[[ DATA EXCERPTS, beginning ]]

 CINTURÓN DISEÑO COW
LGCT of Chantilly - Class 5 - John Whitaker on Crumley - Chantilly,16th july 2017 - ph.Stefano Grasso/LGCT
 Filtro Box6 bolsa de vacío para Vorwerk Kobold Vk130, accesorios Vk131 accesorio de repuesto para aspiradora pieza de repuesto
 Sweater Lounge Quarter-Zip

[[ DATA EXCERPTS, end ]]
[[ DATA EXCERPTS, beginning ]]

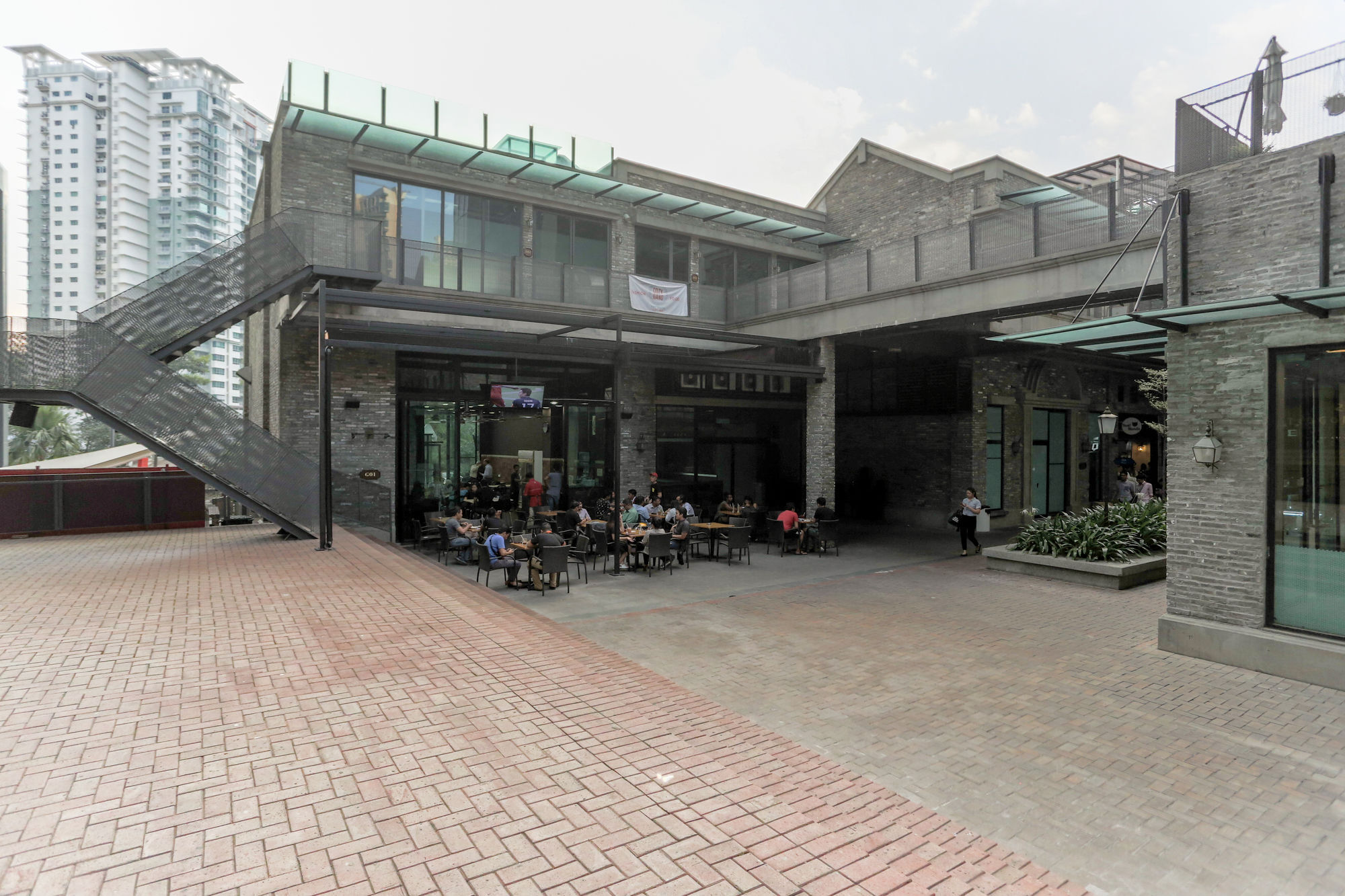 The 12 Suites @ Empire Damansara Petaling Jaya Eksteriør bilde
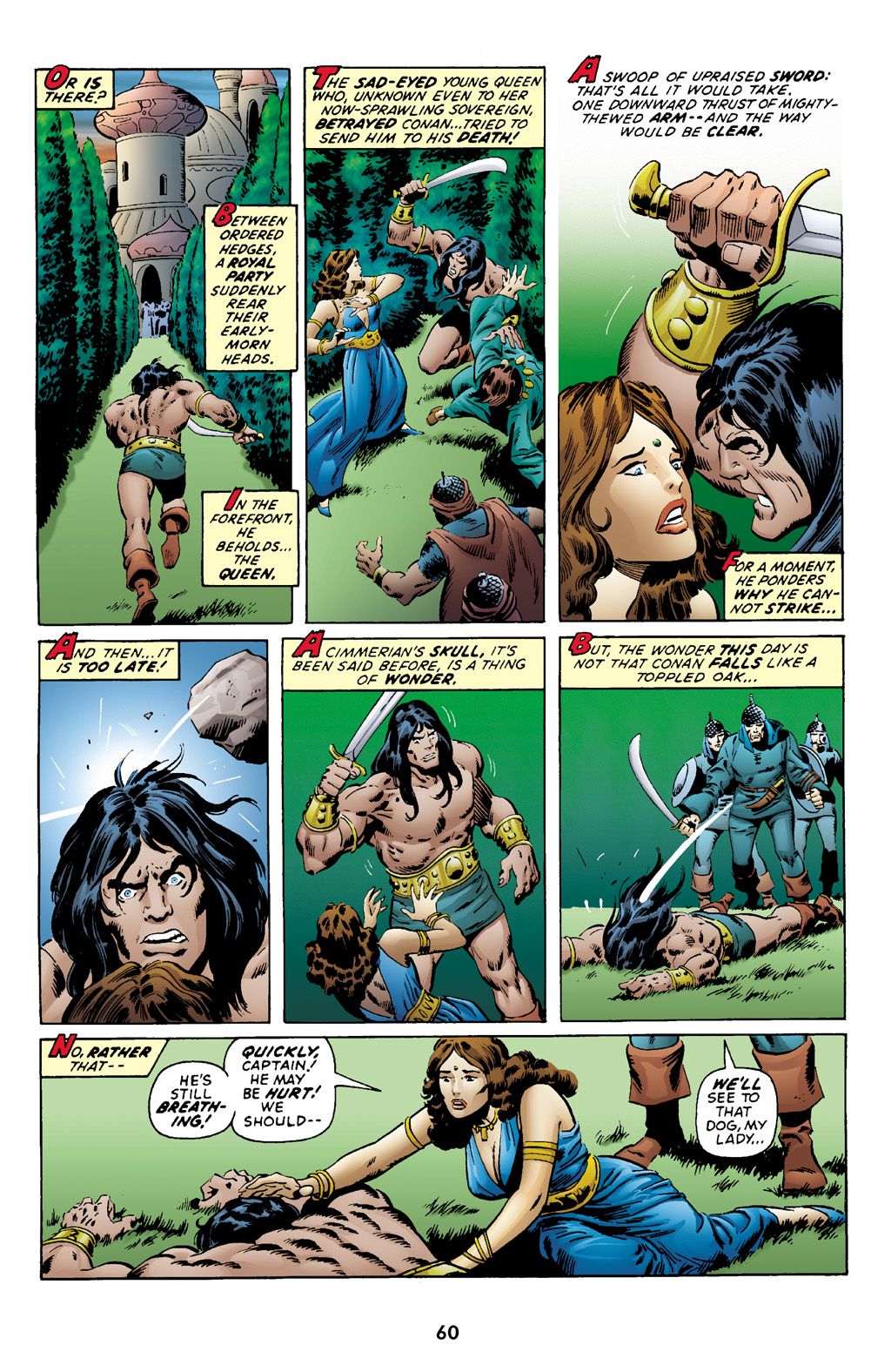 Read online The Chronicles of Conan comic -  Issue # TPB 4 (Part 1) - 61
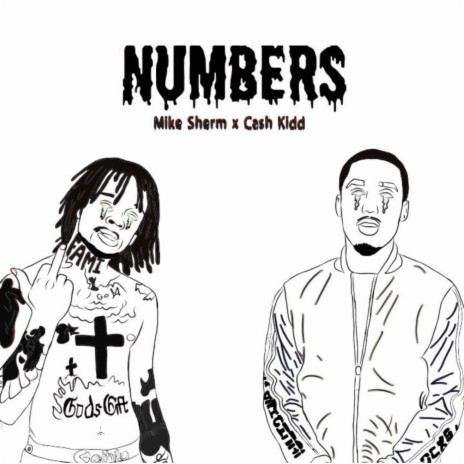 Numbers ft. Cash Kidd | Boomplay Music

[[ DATA EXCERPTS, end ]]
[[ DATA EXCERPTS, beginning ]]

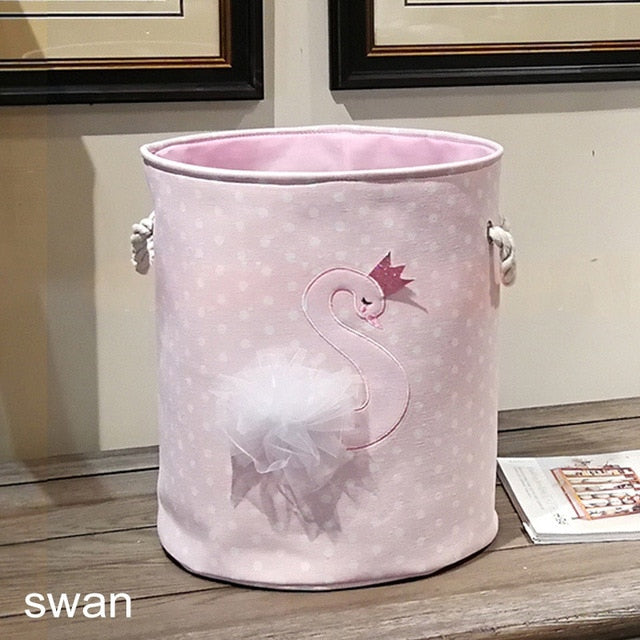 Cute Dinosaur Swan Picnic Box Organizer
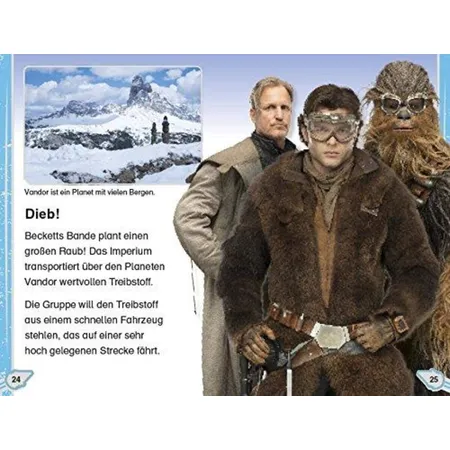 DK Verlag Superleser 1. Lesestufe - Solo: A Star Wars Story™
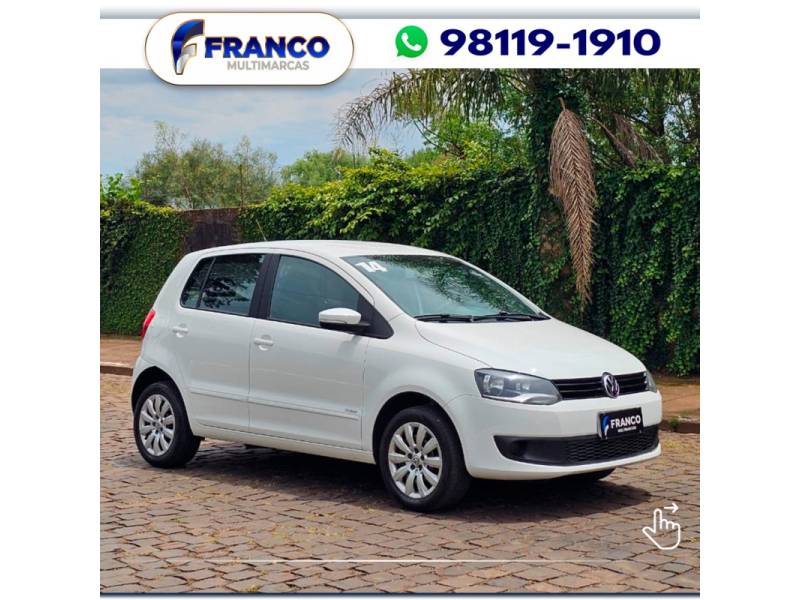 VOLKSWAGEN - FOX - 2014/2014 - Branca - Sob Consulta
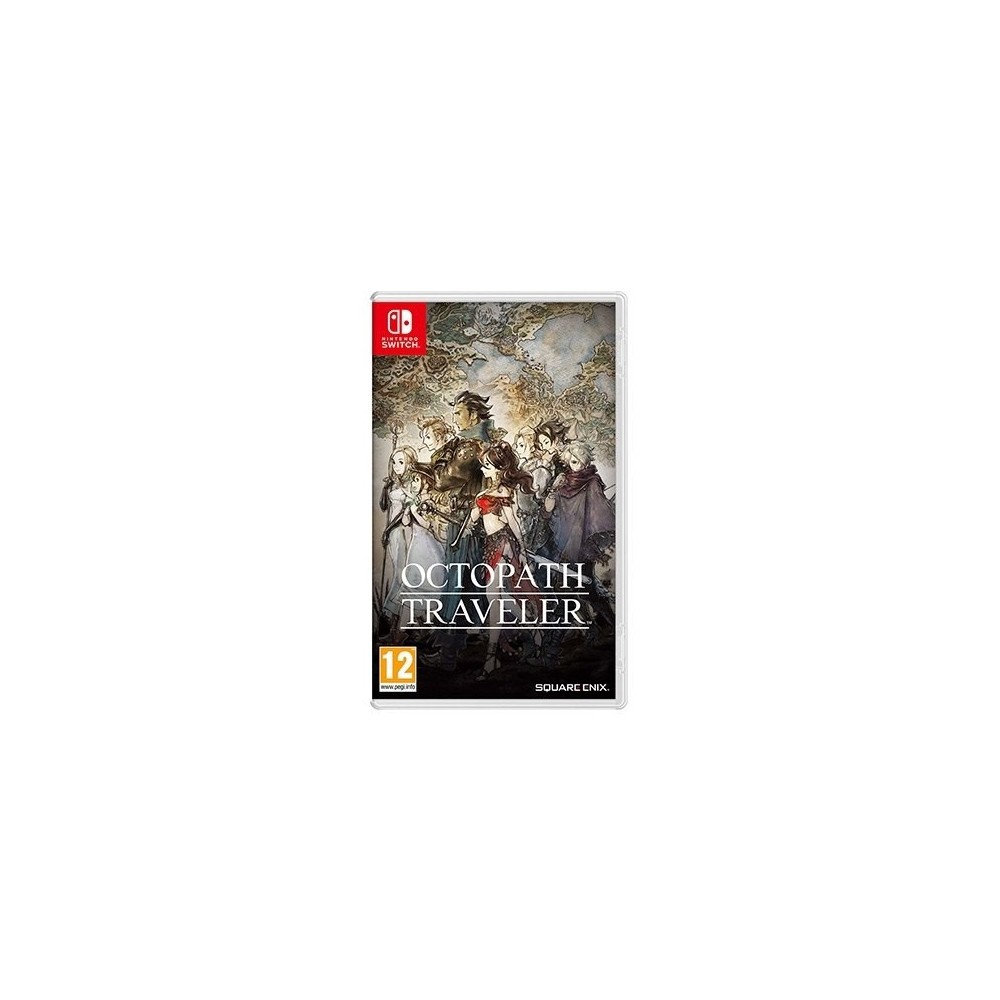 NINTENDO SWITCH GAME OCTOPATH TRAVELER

[[ DATA EXCERPTS, end ]]

Of all the entries above, output exactly the lines between the one holding "CINTURÓN DISEÑO COW" and the one holding "Sweater Lounge Quarter-Zip", inclusive.

 CINTURÓN DISEÑO COW
LGCT of Chantilly - Class 5 - John Whitaker on Crumley - Chantilly,16th july 2017 - ph.Stefano Grasso/LGCT
 Filtro Box6 bolsa de vacío para Vorwerk Kobold Vk130, accesorios Vk131 accesorio de repuesto para aspiradora pieza de repuesto
 Sweater Lounge Quarter-Zip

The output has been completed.